Beginning with the line that holds "Kit Enxoval de" and ending with the last line below, please copy every line exactly, add nothing, and leave out the pictures.

_Data items_.
'''
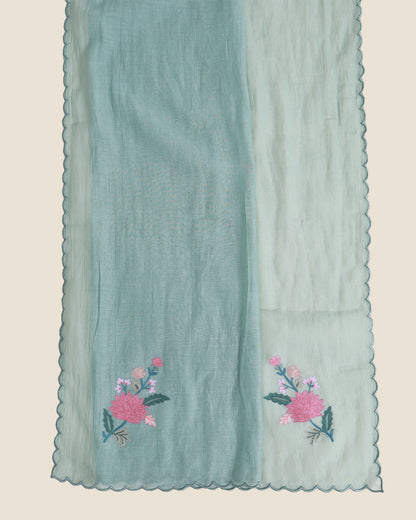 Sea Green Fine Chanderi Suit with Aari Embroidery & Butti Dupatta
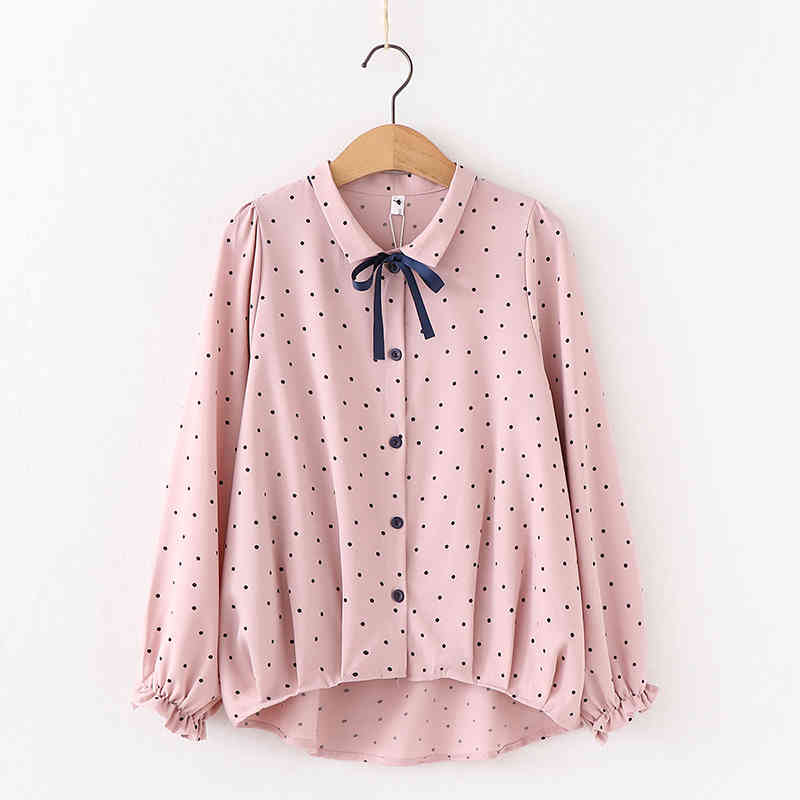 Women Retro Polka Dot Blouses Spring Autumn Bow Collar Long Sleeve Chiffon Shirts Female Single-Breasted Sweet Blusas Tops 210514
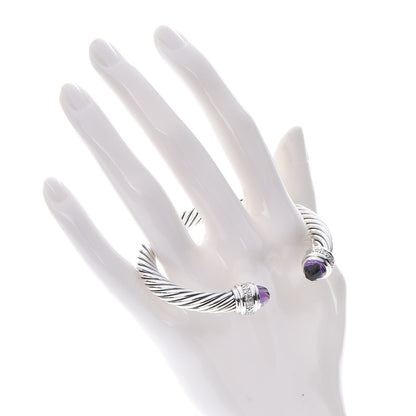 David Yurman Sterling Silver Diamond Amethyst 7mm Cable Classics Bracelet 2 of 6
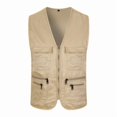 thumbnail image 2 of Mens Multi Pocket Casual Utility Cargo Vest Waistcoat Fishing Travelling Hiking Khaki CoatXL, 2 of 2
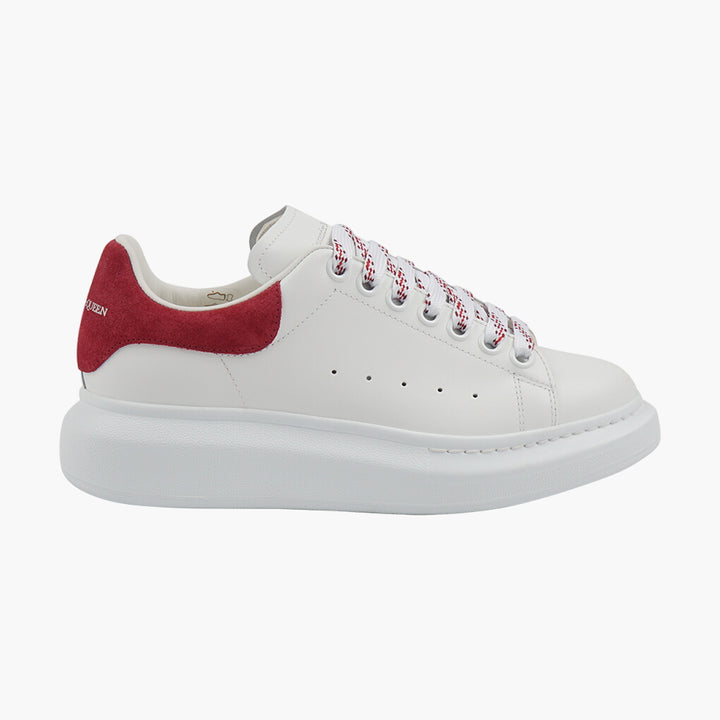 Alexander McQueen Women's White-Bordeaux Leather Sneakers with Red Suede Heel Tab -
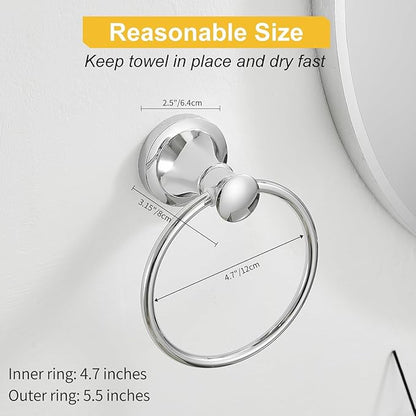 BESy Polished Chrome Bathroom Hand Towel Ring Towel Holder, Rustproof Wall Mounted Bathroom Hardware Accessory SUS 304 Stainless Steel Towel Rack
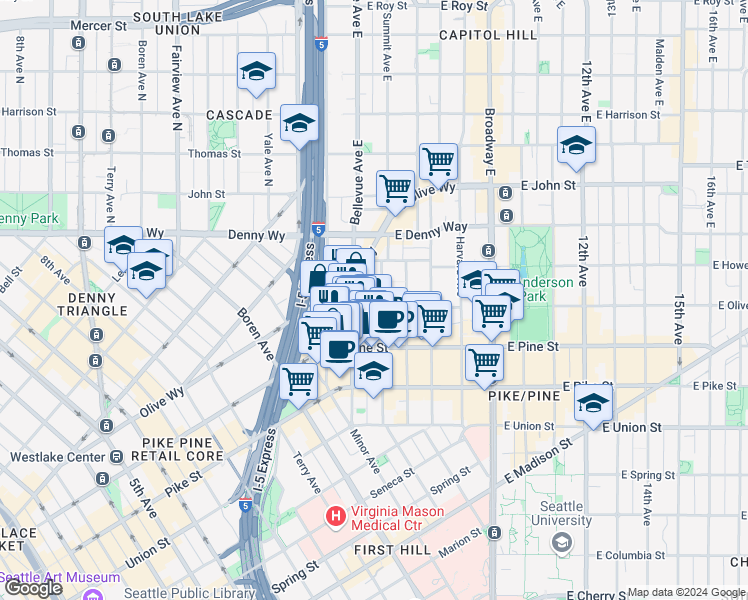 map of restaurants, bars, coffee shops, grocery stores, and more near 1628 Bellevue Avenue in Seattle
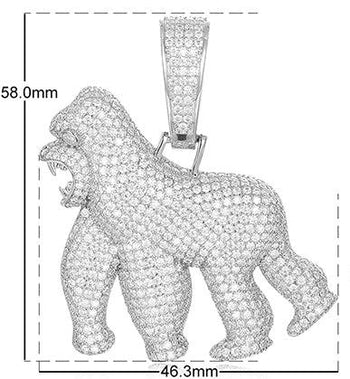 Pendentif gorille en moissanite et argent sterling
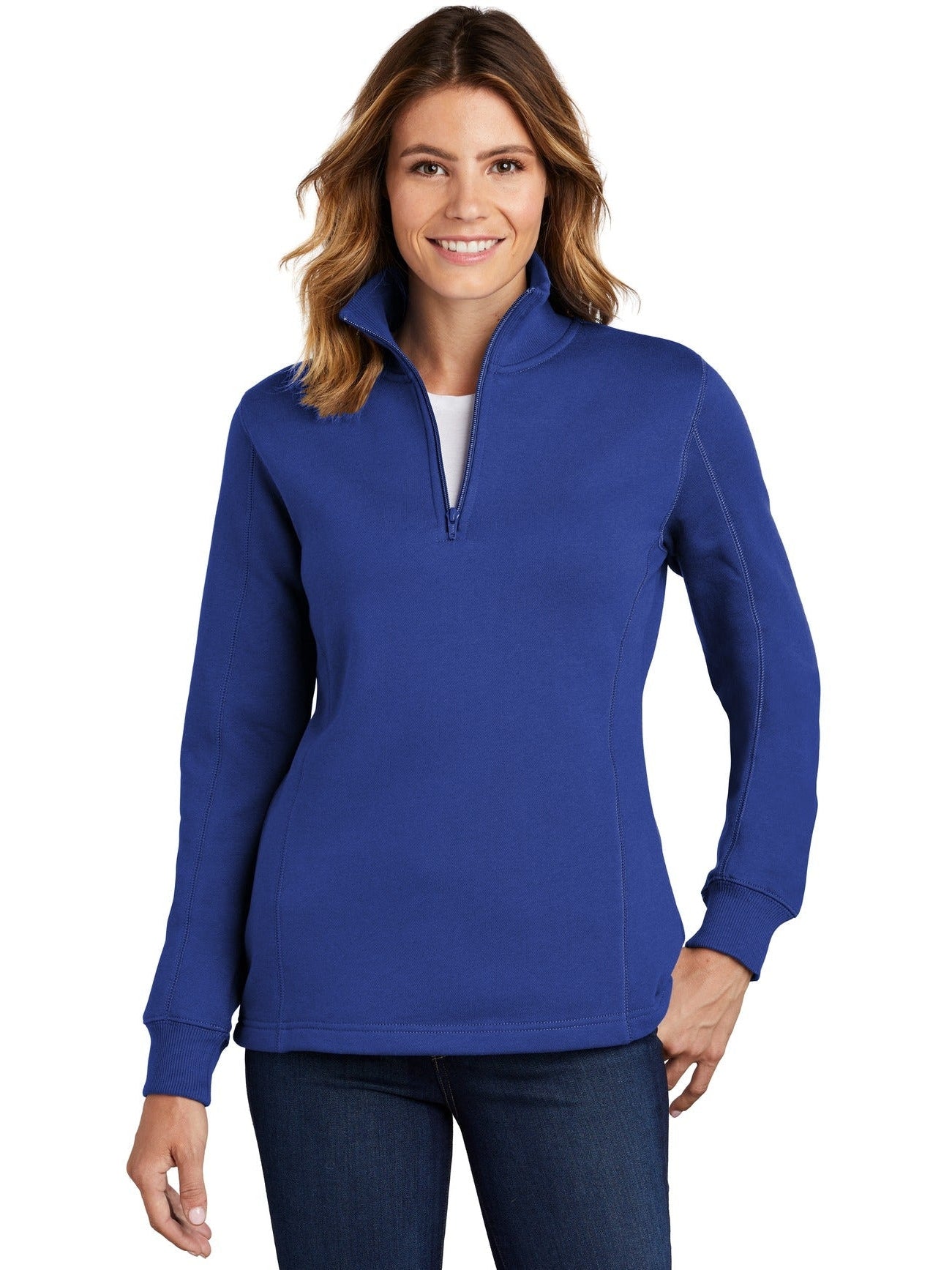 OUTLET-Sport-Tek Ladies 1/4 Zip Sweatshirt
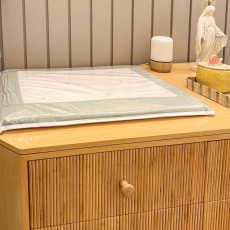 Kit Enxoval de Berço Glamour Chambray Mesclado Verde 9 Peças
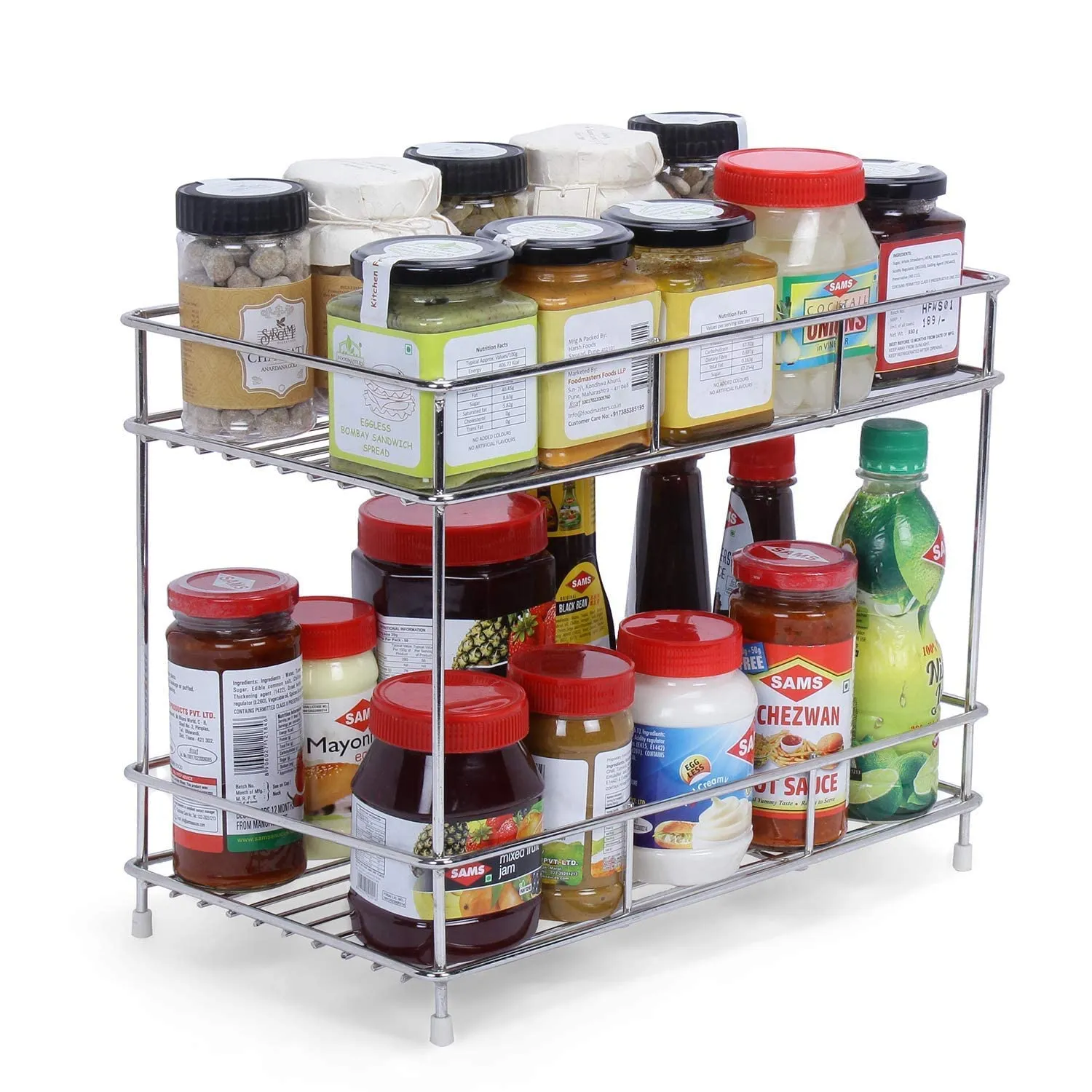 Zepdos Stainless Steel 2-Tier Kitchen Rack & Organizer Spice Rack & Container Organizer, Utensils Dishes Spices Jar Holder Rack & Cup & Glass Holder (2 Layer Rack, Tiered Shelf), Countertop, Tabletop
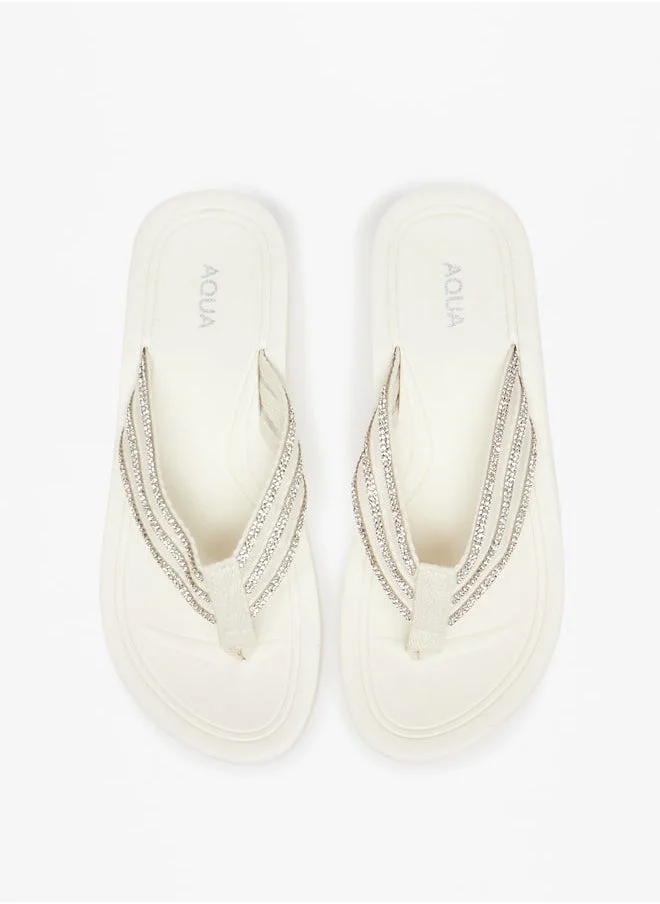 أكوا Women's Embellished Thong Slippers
'''
_Task response_.
 Kit Enxoval de Berço Glamour Chambray Mesclado Verde 9 Peças
 Zepdos Stainless Steel 2-Tier Kitchen Rack & Organizer Spice Rack & Container Organizer, Utensils Dishes Spices Jar Holder Rack & Cup & Glass Holder (2 Layer Rack, Tiered Shelf), Countertop, Tabletop
 أكوا Women's Embellished Thong Slippers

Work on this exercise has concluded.